По сути, мне нужен был повод, чтобы порвать с ней. И одновременно я умирал от любви, особенно когда мы оказывались рядом. Я видел ее — и мир расцветал; я забывал о подозрениях и утопал в нежности, и впадал в эйфорию, и не понимал, как мне быть, и знал одно: что я без нее НЕ МОГУ. Отпустить — ее, мою единственную, неповторимую и незаменимую? Да ни за что! А тут еще эта непроницаемая отстраненность… Я ревновал. Мне казалось, у нее кто-то появился.
В нашу последнюю встречу я четко осознал, что Тата для меня важнее всего на свете, я не готов ее отдать — но и не готов взять себе. Патовая ситуация. Мне стало ясно, почему из соображения «так не доставайся же ты никому» совершаются убийства. В тот вечер я наговорил миллион страстных слов, а под конец уткнулся ей в руки и расплакался, как ребенок, и долго потом целовал ее соленые ладони. Оплакивал собственное предательство, еще не зная, как постыдно скоро его совершу.

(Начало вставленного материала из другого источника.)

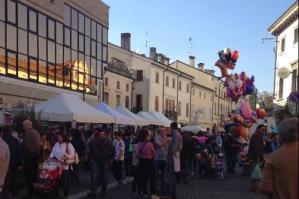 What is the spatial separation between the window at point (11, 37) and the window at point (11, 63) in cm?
36

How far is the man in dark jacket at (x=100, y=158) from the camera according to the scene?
12680 millimetres

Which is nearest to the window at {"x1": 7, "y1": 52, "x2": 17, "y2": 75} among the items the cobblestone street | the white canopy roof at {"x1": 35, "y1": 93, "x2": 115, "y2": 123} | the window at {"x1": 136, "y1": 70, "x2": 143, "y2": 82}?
the white canopy roof at {"x1": 35, "y1": 93, "x2": 115, "y2": 123}

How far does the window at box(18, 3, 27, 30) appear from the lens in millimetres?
25859

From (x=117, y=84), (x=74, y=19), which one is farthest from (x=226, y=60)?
(x=117, y=84)

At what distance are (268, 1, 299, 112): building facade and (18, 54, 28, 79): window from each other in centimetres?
1874

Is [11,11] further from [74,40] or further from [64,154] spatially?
[64,154]

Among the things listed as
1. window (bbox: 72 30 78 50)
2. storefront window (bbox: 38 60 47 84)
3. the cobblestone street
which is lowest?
the cobblestone street

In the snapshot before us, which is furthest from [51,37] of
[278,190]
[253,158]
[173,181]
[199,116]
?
[199,116]

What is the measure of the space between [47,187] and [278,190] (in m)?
7.66

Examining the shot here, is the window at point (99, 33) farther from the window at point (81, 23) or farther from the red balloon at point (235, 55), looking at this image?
the red balloon at point (235, 55)

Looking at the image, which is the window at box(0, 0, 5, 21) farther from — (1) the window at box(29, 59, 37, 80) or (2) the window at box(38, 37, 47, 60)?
(2) the window at box(38, 37, 47, 60)

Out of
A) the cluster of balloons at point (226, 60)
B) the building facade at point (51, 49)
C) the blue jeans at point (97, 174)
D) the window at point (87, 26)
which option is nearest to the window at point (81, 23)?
the building facade at point (51, 49)

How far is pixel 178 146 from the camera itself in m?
12.2

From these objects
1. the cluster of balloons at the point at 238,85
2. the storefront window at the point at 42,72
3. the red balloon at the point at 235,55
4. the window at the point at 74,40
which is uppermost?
the window at the point at 74,40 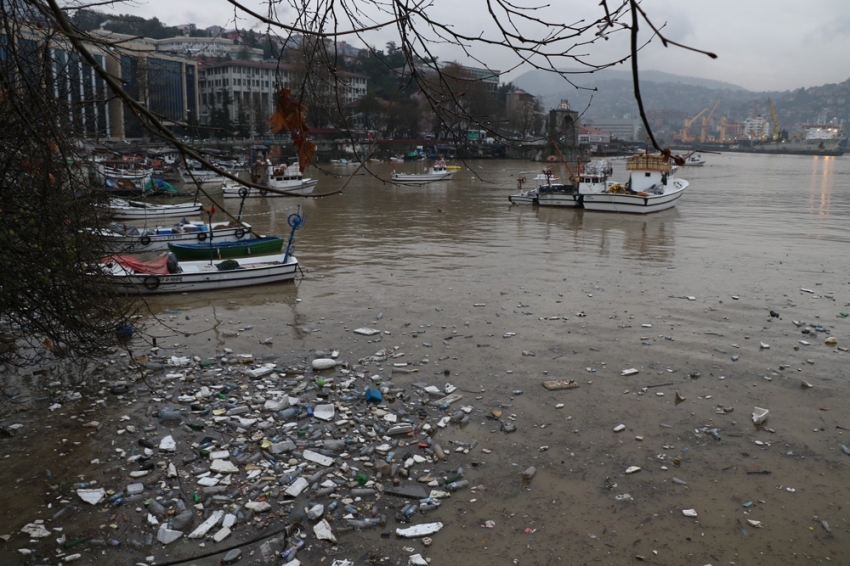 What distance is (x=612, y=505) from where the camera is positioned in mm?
5508

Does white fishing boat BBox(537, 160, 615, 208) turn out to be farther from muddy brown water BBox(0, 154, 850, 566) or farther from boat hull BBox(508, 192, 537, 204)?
muddy brown water BBox(0, 154, 850, 566)

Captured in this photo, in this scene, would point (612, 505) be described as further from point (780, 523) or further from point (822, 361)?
point (822, 361)

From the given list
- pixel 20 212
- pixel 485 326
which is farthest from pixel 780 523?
pixel 20 212

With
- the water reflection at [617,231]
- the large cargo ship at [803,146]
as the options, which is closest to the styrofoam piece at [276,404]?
the water reflection at [617,231]

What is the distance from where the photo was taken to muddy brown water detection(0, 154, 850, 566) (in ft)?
16.7

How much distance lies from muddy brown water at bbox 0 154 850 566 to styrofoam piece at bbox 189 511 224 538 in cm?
10

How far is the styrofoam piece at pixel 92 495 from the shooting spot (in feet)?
17.2

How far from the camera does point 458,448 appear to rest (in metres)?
6.34

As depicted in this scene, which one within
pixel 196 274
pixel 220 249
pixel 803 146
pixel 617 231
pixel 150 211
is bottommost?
pixel 617 231

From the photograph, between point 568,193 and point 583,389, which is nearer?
point 583,389

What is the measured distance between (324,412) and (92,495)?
227 cm

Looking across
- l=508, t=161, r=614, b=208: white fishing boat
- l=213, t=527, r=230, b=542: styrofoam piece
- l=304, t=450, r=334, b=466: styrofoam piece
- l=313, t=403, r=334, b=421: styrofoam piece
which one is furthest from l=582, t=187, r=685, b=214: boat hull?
l=213, t=527, r=230, b=542: styrofoam piece

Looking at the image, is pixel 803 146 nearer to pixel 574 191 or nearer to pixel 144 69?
pixel 574 191

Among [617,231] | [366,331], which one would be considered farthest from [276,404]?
[617,231] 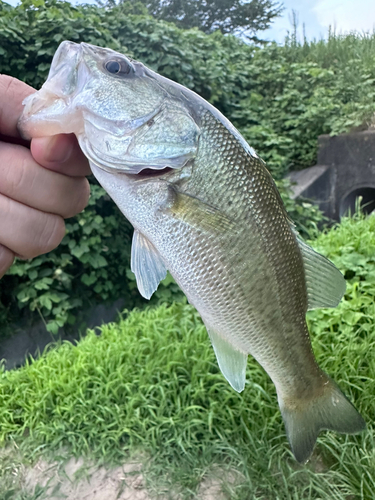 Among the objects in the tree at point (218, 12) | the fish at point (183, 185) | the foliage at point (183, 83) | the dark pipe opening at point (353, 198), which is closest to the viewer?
the fish at point (183, 185)

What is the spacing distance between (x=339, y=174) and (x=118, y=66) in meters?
5.33

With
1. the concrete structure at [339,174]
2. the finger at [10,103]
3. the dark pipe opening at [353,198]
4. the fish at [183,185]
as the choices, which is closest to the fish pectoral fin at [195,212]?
the fish at [183,185]

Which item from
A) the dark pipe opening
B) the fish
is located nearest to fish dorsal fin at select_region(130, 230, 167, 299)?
the fish

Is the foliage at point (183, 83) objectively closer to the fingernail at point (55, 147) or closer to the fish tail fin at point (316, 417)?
the fish tail fin at point (316, 417)

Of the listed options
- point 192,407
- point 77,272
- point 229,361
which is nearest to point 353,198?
point 77,272

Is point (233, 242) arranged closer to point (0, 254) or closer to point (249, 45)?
point (0, 254)

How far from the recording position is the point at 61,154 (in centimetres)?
96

«Истинно говорю тебе, что в эту ночь, прежде нежели пропоет петух, трижды отречешься от Меня…»[1]
По-моему, она все предвидела и вполне могла такое сказать, на что я, вслед за несчастным Петром, пылко воскликнул бы: не отрекусь от тебя!

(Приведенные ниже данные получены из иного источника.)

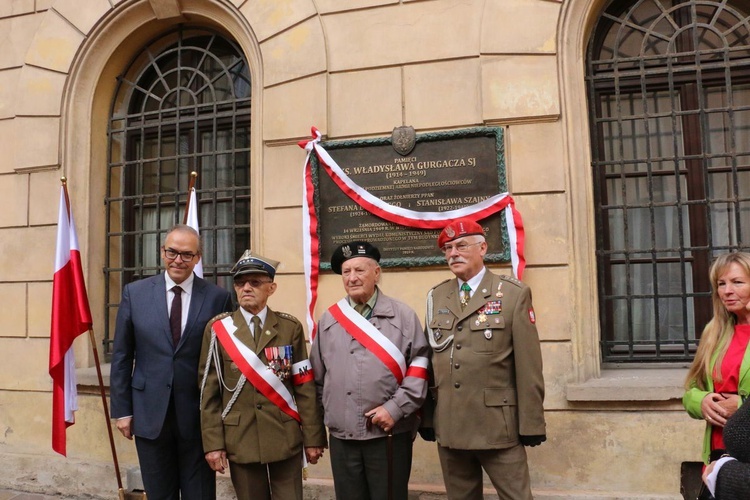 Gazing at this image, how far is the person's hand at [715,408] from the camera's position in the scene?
2.72 meters

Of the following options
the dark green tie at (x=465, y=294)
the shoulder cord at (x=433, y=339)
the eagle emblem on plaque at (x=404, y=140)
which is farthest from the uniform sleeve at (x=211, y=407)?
the eagle emblem on plaque at (x=404, y=140)

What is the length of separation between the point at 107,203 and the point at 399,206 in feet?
9.75

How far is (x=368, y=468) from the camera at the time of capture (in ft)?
11.4

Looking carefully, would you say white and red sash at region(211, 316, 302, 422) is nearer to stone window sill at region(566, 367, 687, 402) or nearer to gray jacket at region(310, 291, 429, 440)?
gray jacket at region(310, 291, 429, 440)

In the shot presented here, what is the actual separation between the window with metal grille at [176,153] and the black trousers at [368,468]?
281 cm

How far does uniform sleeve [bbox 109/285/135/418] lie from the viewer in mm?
3805

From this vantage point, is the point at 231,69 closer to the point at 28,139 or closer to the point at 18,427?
the point at 28,139

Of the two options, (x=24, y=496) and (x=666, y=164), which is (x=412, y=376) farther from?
(x=24, y=496)

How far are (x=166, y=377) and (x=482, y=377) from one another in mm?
1760

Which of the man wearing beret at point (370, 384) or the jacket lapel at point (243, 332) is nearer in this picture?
the man wearing beret at point (370, 384)

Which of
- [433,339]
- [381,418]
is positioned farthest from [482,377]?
[381,418]

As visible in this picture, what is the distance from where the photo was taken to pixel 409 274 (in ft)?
16.8

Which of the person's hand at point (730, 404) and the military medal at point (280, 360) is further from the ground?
the military medal at point (280, 360)

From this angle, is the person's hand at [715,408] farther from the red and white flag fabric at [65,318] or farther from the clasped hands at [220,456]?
the red and white flag fabric at [65,318]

Что движет нашими поступками? Почему все самое грязное и непотребное одевается в самые красивые одежды? Почему для сохранения сомнительной верности жене я должен был продать Тату? Почему, в глубине души зная, что мной руководят обыкновенная жадность и трусость, я так пыжился перед самим собой и так упивался собственной святостью: вот моя жена перед Богом и людьми, и с ней остаюсь. И не введи нас, Господи, во искушение, и избавь нас от лукавого, и так далее и тому подобное, аминь.
Искушение — это то, чему ты поддался; об остальном не стоит и говорить. Афоризм Таты.
Но что в моем случае было искушением и грехом, а что — покаянием и искуплением, я теперь уже не берусь судить. Ведь мы в ответе за тех, кого приручили. Очень избитая фраза, но… точнее не скажешь. А я Тату приручил. Она, возможно, считала иначе, — но так думал я, и это был вопрос моей совести. Я не имел права поступать так, как поступил, обязан был найти другой выход. Какой? Представления не имею. Но он наверняка нашелся бы.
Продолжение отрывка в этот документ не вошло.